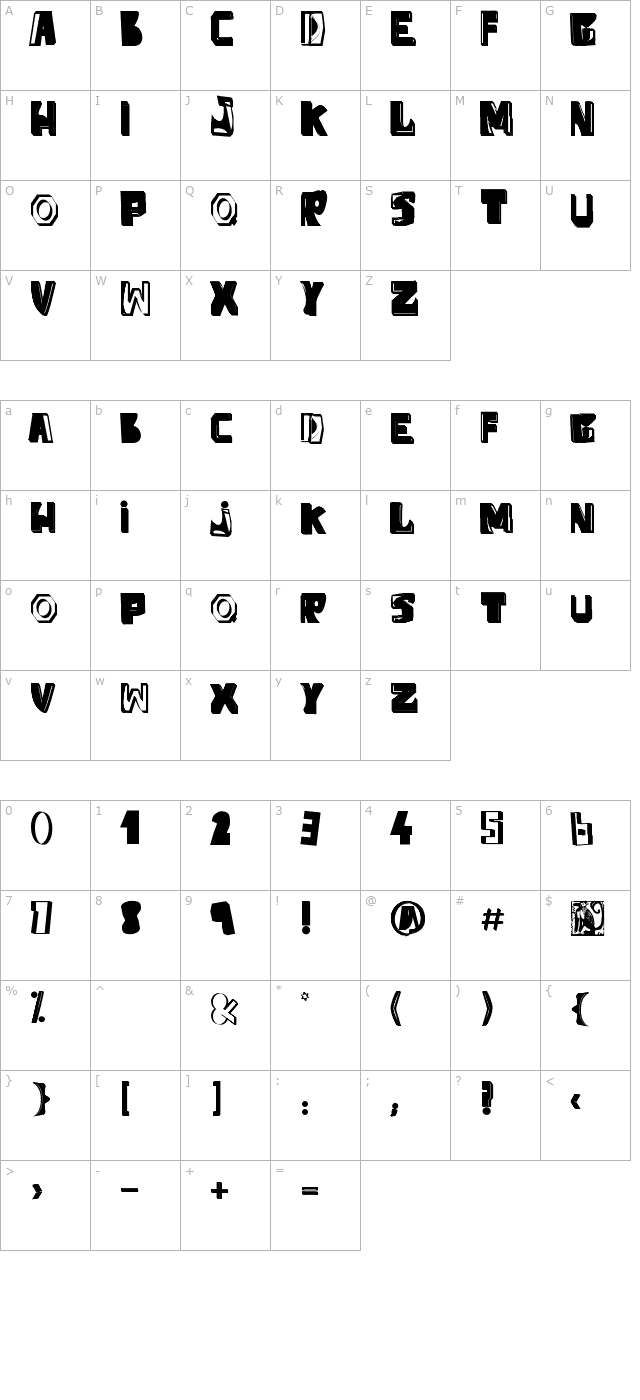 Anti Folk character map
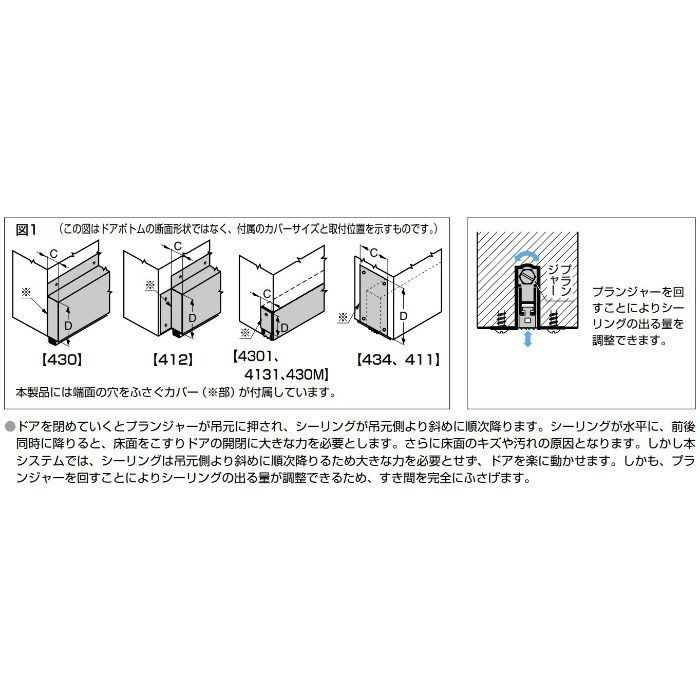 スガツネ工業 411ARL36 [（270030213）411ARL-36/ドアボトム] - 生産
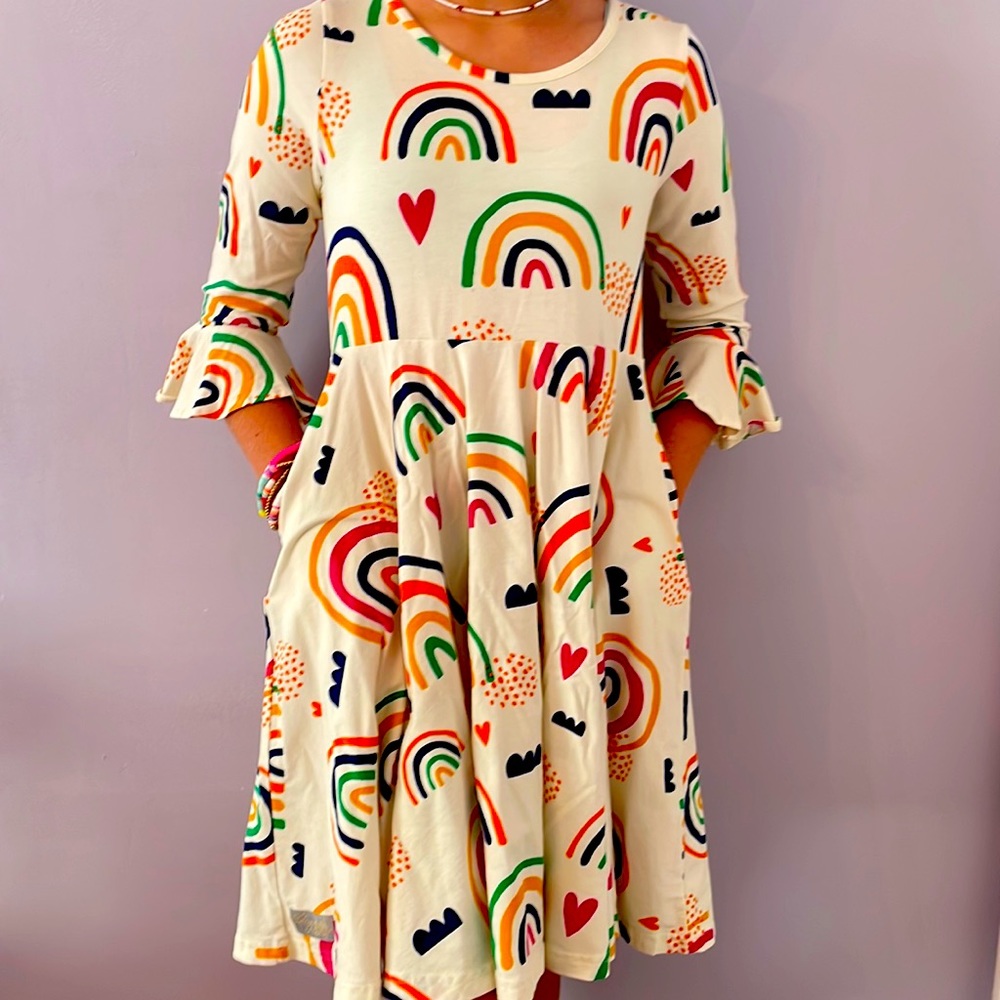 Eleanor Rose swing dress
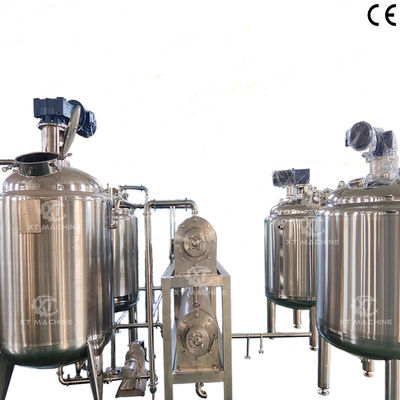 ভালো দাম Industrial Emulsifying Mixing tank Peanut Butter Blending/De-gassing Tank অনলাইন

## Work task
Could you copy each line above exactly as written, minus any pictures?

## Answer box
 Anti Folk character map
 スガツネ工業 411ARL36 [（270030213）411ARL-36/ドアボトム] - 生産
 Eleanor Rose swing dress
 ভালো দাম Industrial Emulsifying Mixing tank Peanut Butter Blending/De-gassing Tank অনলাইন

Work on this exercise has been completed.